He met and married Mary Armsby while attending Monmouth College. (Two of their three daughters also went to Monmouth.) Martin left his junior year to study at the Chicago Academy of Fine Arts, joining Newspaper Enterprise Association in 1921 as a cartoonist.

Boots and Her Buddies
While working in NEA's art department, Martin experimented with several strips: Efficiency Ed, Fables of 1921, Taken from Life and Girls, the strip which introduced Boots. In 1924, NEA was looking for a girl strip, and several artists who had previously submitted strips were asked to resubmit them. Martin's sample was unsigned. When an editor examined Martin's strip and asked, "How soon can we get this artist?", the art director responded, "In one minute. He works here." Thus, Girls became Boots and Her Buddies on February 18, 1924, although some newspapers continued to use the first title. Syndicated by NEA, it appeared in 500 newspapers during the 1940s, with about half that carrying the Sunday strip. In the post-WWII years, the figure climbed to 700 newspapers.
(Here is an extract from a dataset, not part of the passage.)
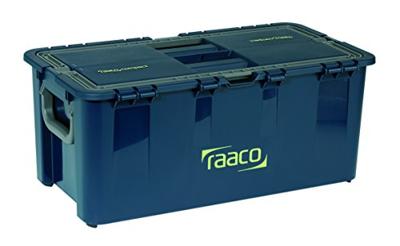 raaco 37 Gereedschapskoffer (leeg) Universeel (b x h x d) 540 x 230 x 296 mm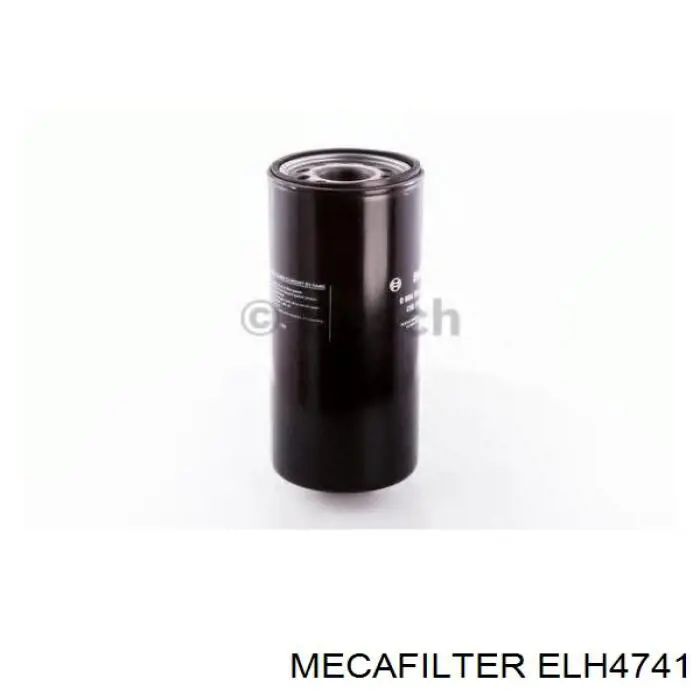 Масляний фільтр двигуна Mecafilter ELH4741 ціна, від 16.90 USD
With the strip's emphasis on fashion and beauty, Martin attended style shows and constantly thumbed through fashion magazines to study trends and keep Boots in current fashions. In addition to the strip, Martin drew promotional paper dolls in occasional newspaper cartoon panels displaying Boots and her fashionable outfits. Promoted as an expert of female beauty, Martin was often invited to judge beauty contests. In the early days, the strip had a large following among students at colleges and high schools, with the result that Martin sometimes made personal appearances at proms.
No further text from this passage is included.